The hobby has been more than a confidence-booster and time-filler for him, though. His personal best, posted in his TikTok bio, is 8.664 seconds. And April 2012, when he was 13, Nedoroscik entered an official World Cube Association cubing competition, held at the Harvard Science Center. The WCA, for the record, is the nonprofit organization that “governs competitions for mechanical puzzles that are operated by twisting groups of pieces, commonly known as ‘twisty puzzles.’” Nedoroscik finished 41st, with an average solving time of 29.24 seconds.

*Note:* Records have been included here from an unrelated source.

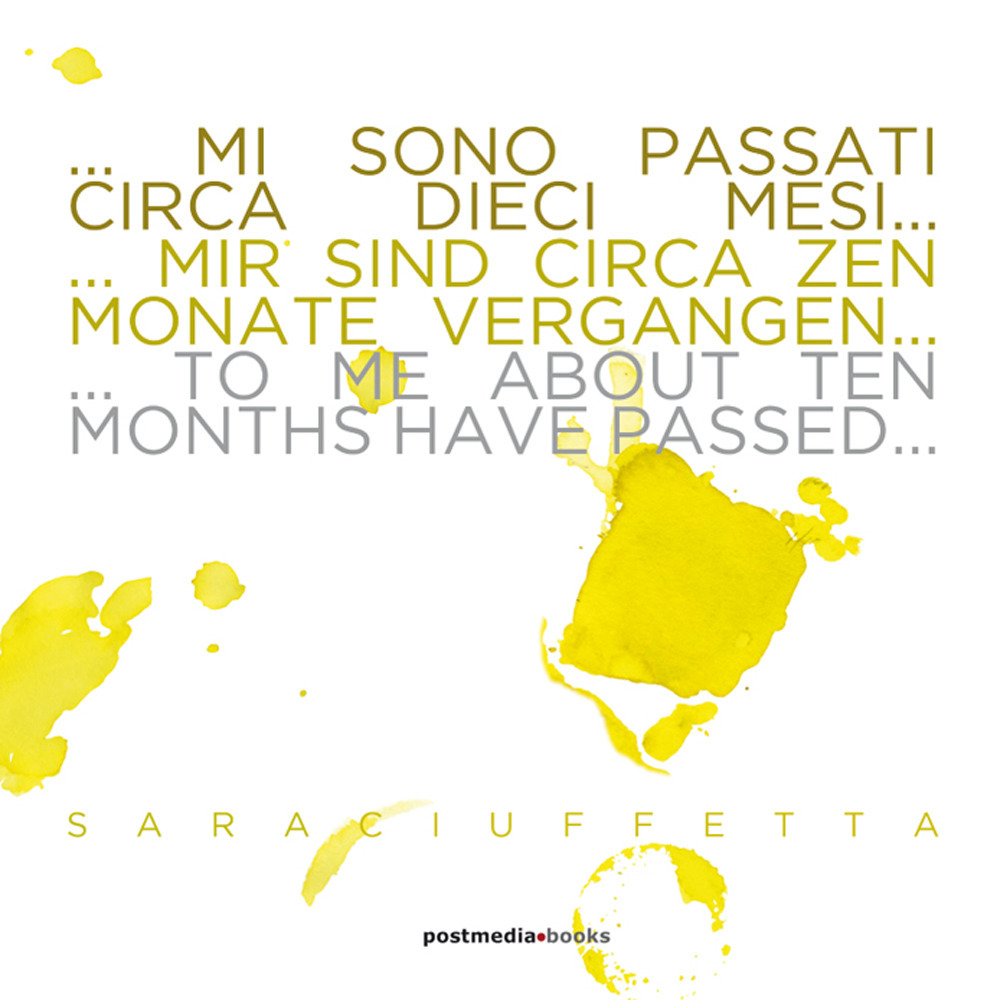 Mi sono passati circa dieci mesi-Mir sind circa zen monate vergangen-To me about ten months have passed. Ediz. illustrata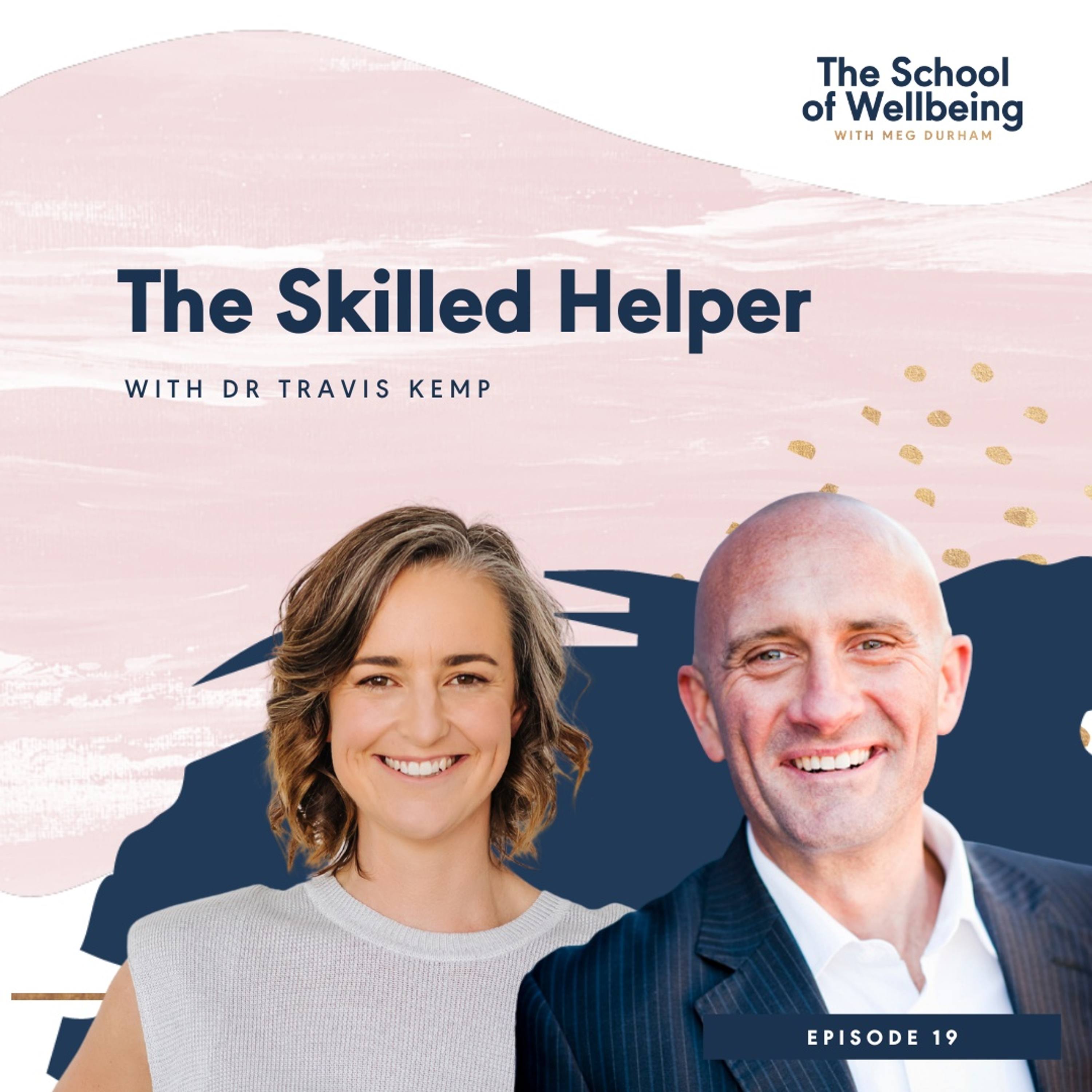 TSOW 19: The Skilled Helper with Dr Travis Kemp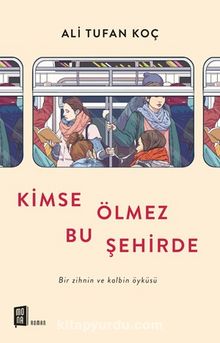 Kimse Ölmez Bu Şehirde - Ali Tufan Koç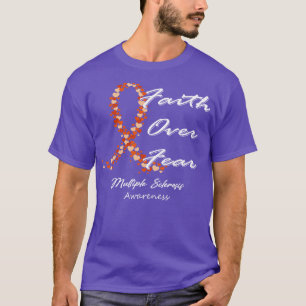 Multiple Sclerosis Awareness Faith Over Fear In Th T-Shirt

Even now, he’s not in the same league as Max Park, 22, of Cerritos, Calif., the world record holder in 3x3, who solved one at a WCA event in an astonishing 3.13 seconds. But Nedoroscik has come a long way — while at the same time, you know, winning two Olympic medals in gymnastics — and the cubing world has noticed.

“It’s very exciting for us to have a connection to the Olympics,” Tim Reynolds, Massachusetts’ delegate to the WCA, said via email. “It’s not often that someone who posted a video of themselves solving a Rubik’s Cube on Instagram gets in the news. And it’s really impressive how fast he is at cubing. Solving in under 10 seconds is quite an accomplishment that takes a lot of serious cubers years to reach.”

Cubing can tend to be a significant, even essential, aspect of a practitioner’s identity. Ron van Bruchem, the founder of WCA, uses Cubic regards, as the complimentary closing of his emails. He’s seen Nedoroscik solve cubes online. “His fingers are superfast,” said van Bruchem, who lives in the Netherlands. But the impression that every speedcuber is a neo-maxi-zoom dweebie who does nothing but spend all of his or her waking hours fiddling with a chunk of multicolored thermoplastic is way off the mark. Nedoroscik is just the best-known representative at the moment of the community’s diversity. Graham Lively, for example, the president of Penn State’s Rubik’s Cube Club, is a powerlifter who has also dabbled in fencing and figure skating.

» READ MORE: Philly fencer Maia Weintraub was clutch for Team USA. Her ‘Tiger Mom’ and dad can now savor her road to Olympic gold.

“Stephen is a great demonstrator to the general public of what speedcubing is about,” Lively, whose personal best with a 3x3 cube is 5.89 seconds, said in an email interview. “I have never met a speedcuber who does just cubing. Everyone I know is very intelligent in at least one other field, and it isn’t just math and science.

“Stephen’s incredible abilities as an athlete and his skill and interest in the Rubik’s Cube are likely not merely correlational but probably complement and corroborate each other. Having watched him solve it on social media, I can say with confidence that he has dedicated some time and effort to improving at the cube, and it isn’t just something he learned how to do as a party trick. I can imagine that drive to improve would carry over in some way to his skills as an athlete.”

Those skills were on full and breathtaking display Saturday as he twirled and rotated himself around that horse. It wasn’t enough to beat Ireland’s McClenaghan (15.533) or Kazakhstan’s Nariman Kurbanov (15.433), but it was enough to cement him as an all-time Summer Games folk hero. He will take a month off, he said, and the commercial and celebrity opportunities are sure to roll in. “I’m more proud of this right here,” he said, “than any opportunity.” As he spoke, the newest most famous Olympian lifted the medal dangling from his neck and cradled it in his hands, savoring his prize for solving the most demanding and rewarding twisty puzzle of his life.